OpenWrt Forum Archive

Topic: Captive Portal and Web Server Cache Problems

The content of this topic has been archived on 20 Apr 2018. There are no obvious gaps in this topic, but there may still be some posts missing at the end.

We have a program called the Public WiFi Project where we help small downtown associations deploy free public internet.  One of the features we're trying to implement is causing some problems.  I'm a functional developer - I work with the concepts, and a gentleman I work with codes it.  I wanted to explain a problem we're having, and see if there's any suggestions.

We've developed a localized Captive Portal (not requiring a remote server).  Since our implementations are intended for small down towns, they really aren't technically savvy, so the system has to be self contained.  Our Captive Portal is a very simple implementation, and it's purpose is to create an autonomous Captive Portal solution (one that's only dependent on the router).  The intent is for the community to promote their services (or the locations services) using this Captive Portal, not necessarily for any true authentication.  Let me start by saying it works 99% of the time, and we're real happy with it's simpleness, but it has a problem with cache.

Here's the way it works. 

Using IP tables, all port 80 traffic is directed to a specified web server (all other ports are blocked) - we installed a 2nd web server on the router.  For testing purposes though, we could specify any web server (for example one on a remote server).  The web server that the packets are directed to is configured to always respond with the same page.  The page that it responds with is on the router itself (but it can be anywhere as long as it's in the "allow list" or "walled garden"). 

The page is nothing more then simple html with a link to a shell script on the router.  The theory is that the client gets this page (maybe a welcome message specific to that location), and then clicks the link to proceed.  Same basic function of any Captive Portal.  When the shell script is executed, that person's IP address is added to a second table (cleared list) that is excluded from the block.  From that point on, their traffic is managed and routed as it normally would have been.

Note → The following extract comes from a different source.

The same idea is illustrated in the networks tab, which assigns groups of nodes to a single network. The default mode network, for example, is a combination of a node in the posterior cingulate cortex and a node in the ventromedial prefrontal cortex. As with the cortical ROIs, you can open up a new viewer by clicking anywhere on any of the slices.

I'm not expecting that any of this is new, but it's how the web server is responding that is not allowing this to work 100% of the time.  There are some pages that the cache interferes with the operation.  Here's an example:

When a client first opens their browser, assuming that their home page is "www.google.com", iptables will re-route their request to the router's 2nd web server, and respond with the local.html.  This html ends up being stored in the client's cache against www.google.com's entry (I believe it's tied to the resolved IP).  The client clicks on the link to the shell script, and they are "unlocked" from this basic captive portal.  The problems arises when the client requests "www.google.com" again.  The computer pulls that local.html out of cache every time.  The only way to get around this is to type "CTRL F5" or clear their cache.  To the consumer, they think they have to re-authenticate in the captive portal (or in other words, click on the link to the shell script), but that's not the case - it's just a cache issue.

We have tried every html implementation of expiring cache, no cache, content = 0, etc.... in the local.html.  Nothing seemed to have any impact.  We've exhausted the html developers forums.

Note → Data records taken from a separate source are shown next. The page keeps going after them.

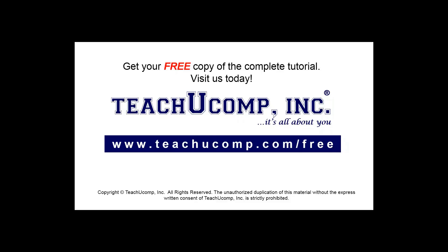Get your free copy of the complete tutorial at www.teachucomp.com/free.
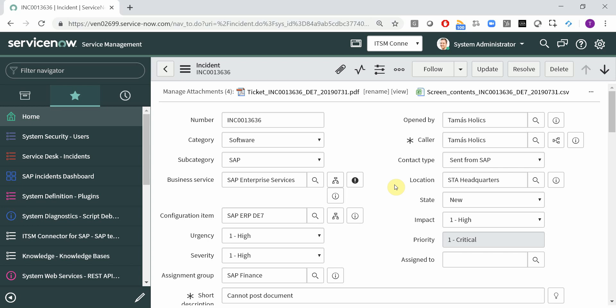Ok, so here we have the incident that was created using our add-on. Let's check how these fields are populated.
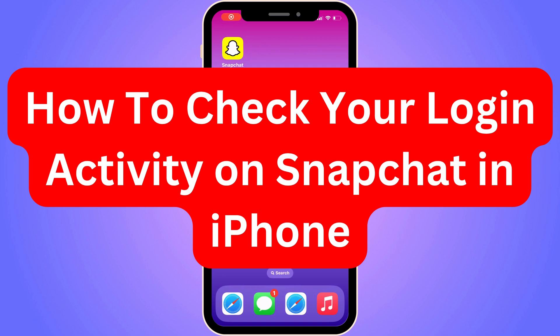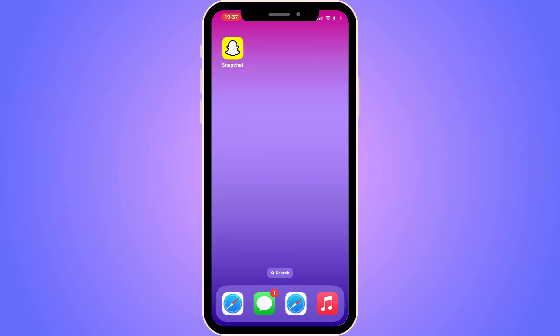Do you want to be able to check your login activity on your Snapchat on your iPhone? Then you have come to the perfect video, because in this video I'm going to show you step by step exactly how to do this. It is very important that you watch this video and follow along step by step, because if you miss any of these steps, this will not work. So watch until the end and apply all of these steps.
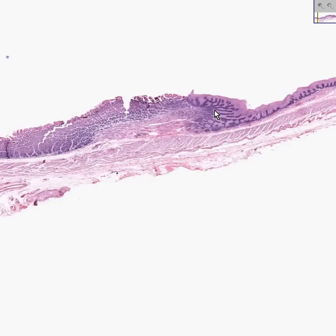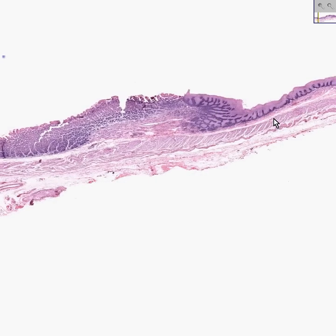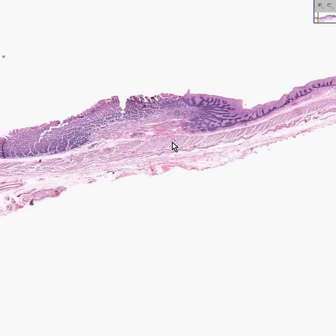Notice also that if you look at the smooth muscle underlying the esophagus, it gets a little bit thicker right here at this junction. This is the so-called sphincter of the cardioesophageal or gastroesophageal junction, although this so-called sphincter is more of a physiological sphincter. It's not as bold as you would see in the other end of the stomach, the so-called gastroduodenal sphincter.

We finally decided to do a simple test.  What if the web server that we sent packets to wasn't the one on the router , but a more rich featured web server on one of our linux servers - would we have the same problems?  We configured that, and we did not.  The page expired just like our tags indicated, and the page for www.google.com was not referenced by cache.  This tells me it has something to do with the web server.

We then made sure all the headers from both web servers (web server2 on the local router, and the linux server web server) were the same, sending the same hard coded expiration and modified headers from the webserver, and that didn't solve the cache problem.

I also know that this issue doesn't happen with all web sites (for example yahoo and cnn don't have these caching problems).  Additionally, we have some computers that we can't duplicate this problem on (some local settings prevent it). 

So my questions are: 

Has anyone seen this problem before and solved it?
Is there something in the basic web server packages on OpenWRT that's been excluded that prevents this caching?
Is there a developer that has time to help on this problem?  (we do have a budget for development).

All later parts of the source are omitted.